Shortly after, the emperor, fatigued by his journey, begged leave to
retire to his apartments, whither he went, accompanied by his "brother
of France" and followed by his attendants.  At the door Francis, with
many expressions of good will, took leave of his royal guest for the
time being, and, turning, encountered the Duke of Friedwald.

Francis, himself once accustomed to assume the disguise of an archer of
the royal guard the better to pursue his love follies among the people,
now gazed curiously upon one who had befooled the entire court.

"You took your departure, my Lord," said the king, quietly, "without
waiting for the order of your going."

"He who enacts the fool, your Majesty, without patent to office must
needs have good legs," replied the young man.  "Else will he have his
fingers burnt."

"Only his fingers?" returned the monarch with a smile, somewhat
sardonic.

"Truly," thought the other, as Francis strode away, "the king regrets
the fool's escape from Notre Dame and the fagots."

During the next day Charles called first for his leech and then for a
priest, but whether the former or the latter, or both, temporarily
assuaged the restlessness of mortal disease, that night he was enabled
to be present at the character dances given in his honor by the ladies
of the court in the great gallery of the château.
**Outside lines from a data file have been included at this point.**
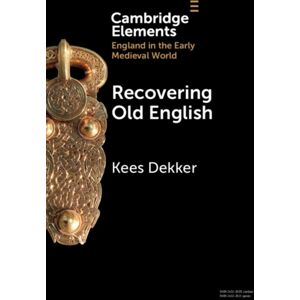 Cambridge University Press Recovering Old English Cambridge University Press Recovering Old English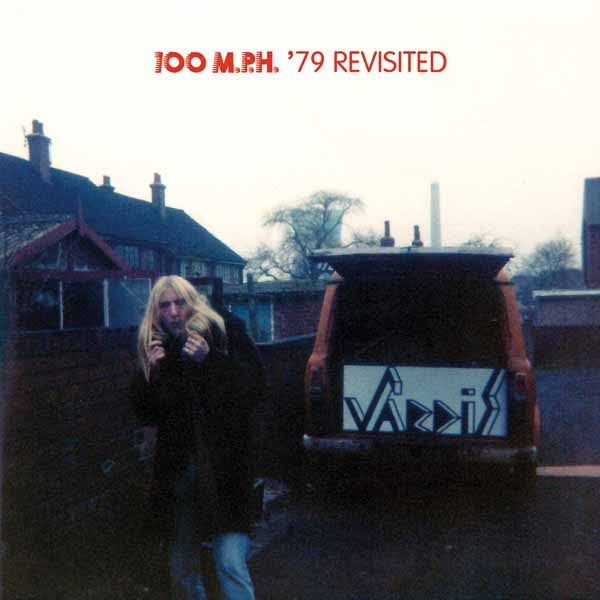 Vardis | 100 M.P.H. '79 Revisited | CD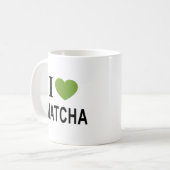 私は抹茶が大好き❤️ 抹茶愛してる 抹茶だいすき 抹茶コーヒー MU コーヒーマグカップ (正面左)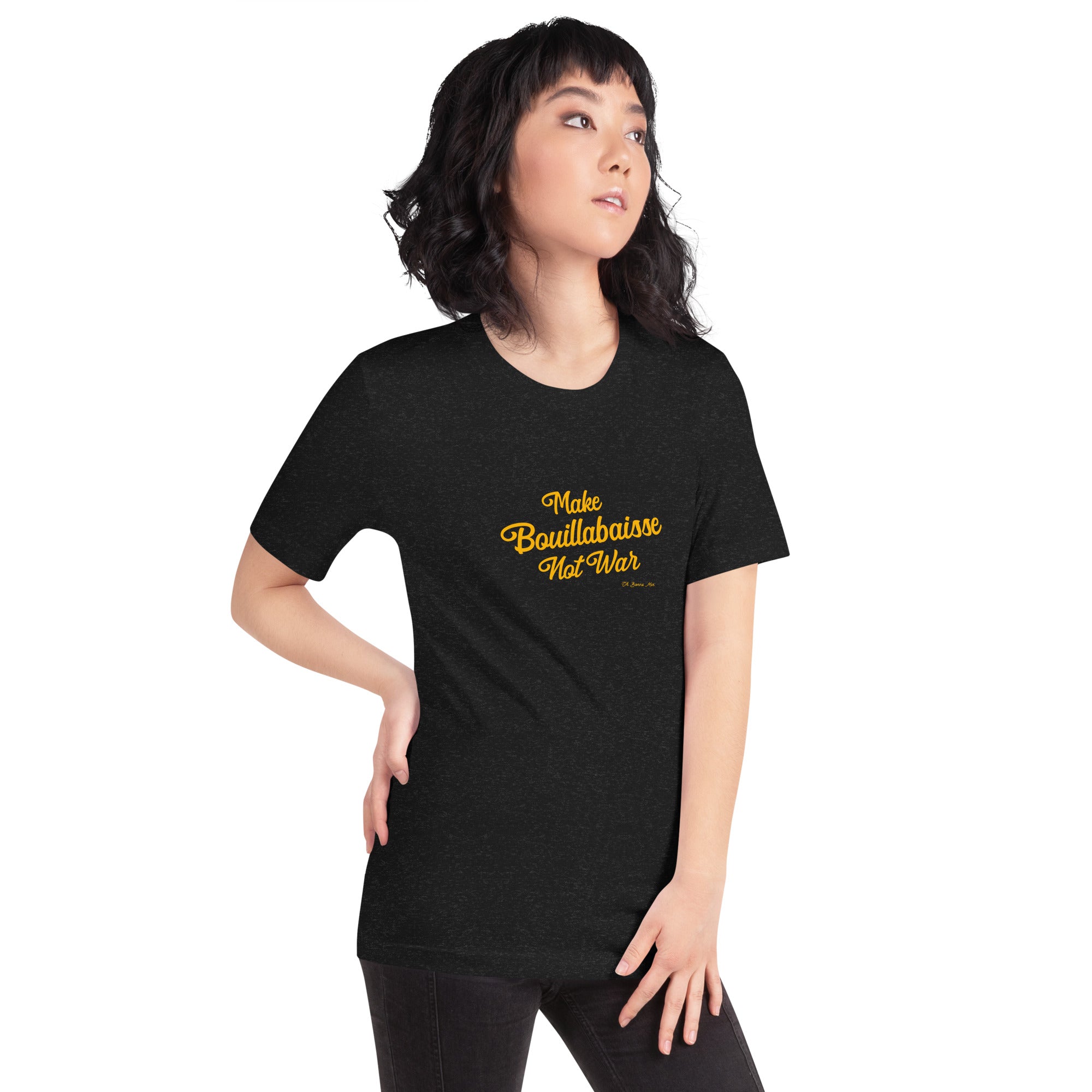 Unisex t-shirt Make Bouillabaisse Not War Text Only on dark heather colors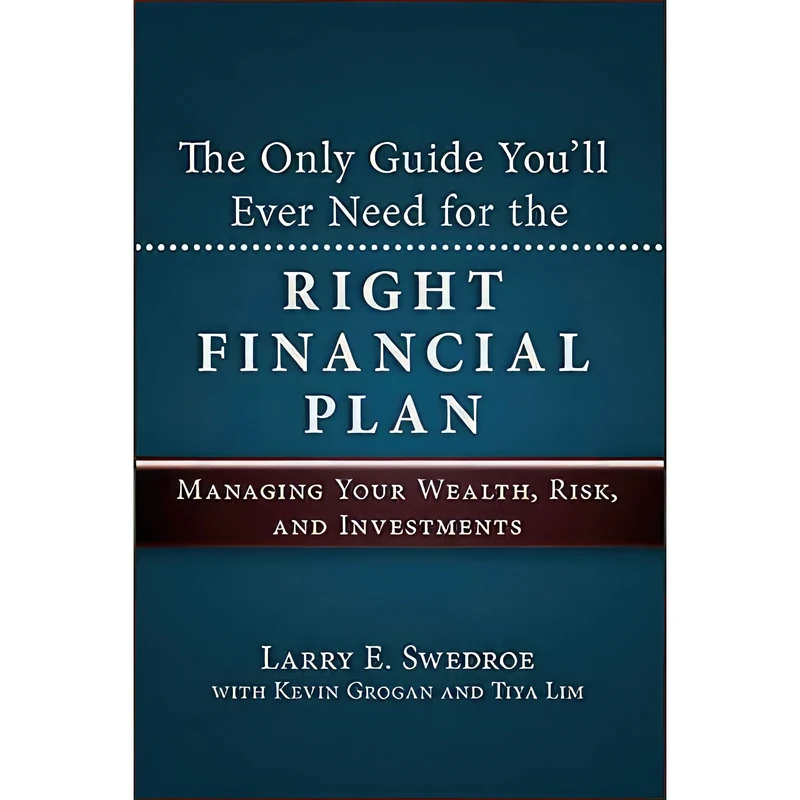 کتاب The Only Guide You'll Ever Need for the Right Financial Plan اثر Larry E. Swedroe انتشارات Bloomberg Press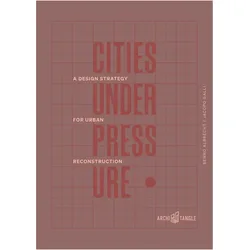Cities Under Pressure, Sachbücher von Benno Albrecht, Jacopo Galli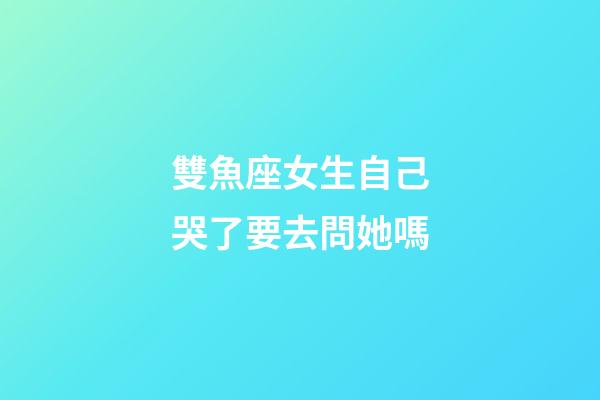 雙魚座女生自己哭了要去問她嗎-第1張-星座運勢-玄機派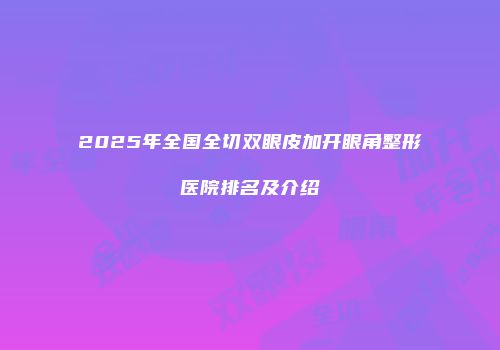 2025年全国全切双眼皮加开眼角整形医院排名及介绍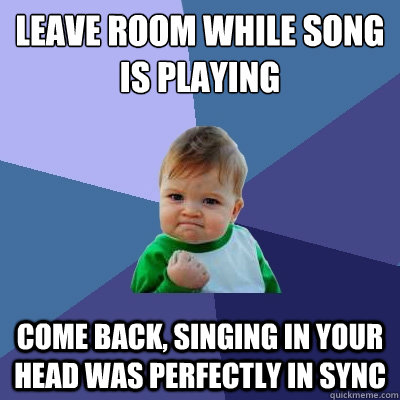 leave room while song is playing come back singing in your - Success Kid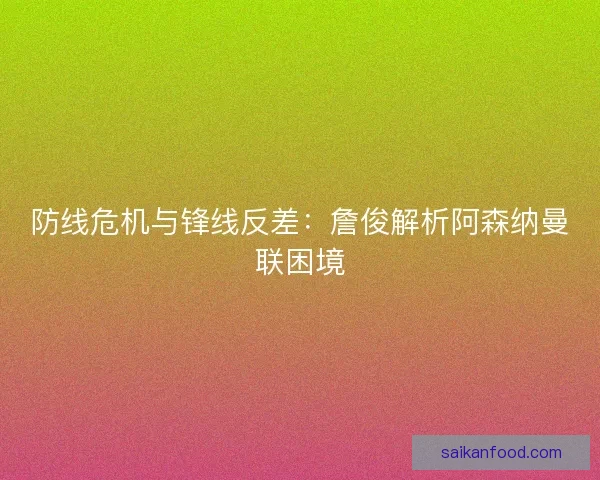 防线危机与锋线反差：詹俊解析阿森纳曼联困境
At a signal from the cornet, gitterns, violas and pipes began to play,
and Francis and his august guest, accompanied by Queen Eleanor, and the
emperor's sister, Marguerite of Navarre, entered the hall, followed by
the dauphin and Catharine de Medici, Diane de Poitiers, the Duchesse
d'Etampes; marshal, chancellor and others of the king's friends and
counselors; courtiers, poets, jesters, philosophers; a goodly company,
such as few monarchs could summon at their beck and call.  Charles' eye
lighted; even his austere nature momentarily kindled amid that
brilliant spectacle; Francis' palace of pleasure was an intoxicating
antidote to spleen or hypochondria.  And when the court ladies, in a
dazzling band, appeared in the dance, led by the Duchesse d'Etampes, he
openly expressed his approval.

"Ah, Madam," he said to the Queen of Navarre, "there is little of the
monastery about our good brother's court."

"Did your Majesty expect we should cloister you?" she answered, with a
lively glance.

He gazed meditatively upon the "Rose of Valois," or the "Pearl of the
Valois," as she was sometimes called; then a shadow fell upon him; the
futility of ambition; the emptiness of pleasure.  In scanty attire, the
Duchesse d'Etampes, with the king, flashed before him; the former, all
beauty, all grace, her little feet trampling down care, so lightly.
Somberly he watched her, and sighed.  Mentally he compared himself to
Francis; they had traveled the road of life together, discarding their
youth at the same turn of the highway; yet here was his French brother,
indefatigable in the pursuit of merriment, while his own soul sang
_miséréré_ to the tune of Francis' fiddles.  Yet, had he overheard the
conversation of the favorite and the king, the emperor's moodiness
would not, perhaps, have been unmixed with a stronger feeling.

"Sire," the duchess was saying in her most persuasive manner, "while
you have Charles--once your keeper--in your power, here in the château,
you will surely punish him for the past and avenge yourself?  You will
make him revoke the treaty of Madrid, or shut him up in one of Louis
XI's oubliettes?"

"I will persuade him if I can," replied the king coldly, "but never
force him.  My honor, Madam, is dearer to me than my interests."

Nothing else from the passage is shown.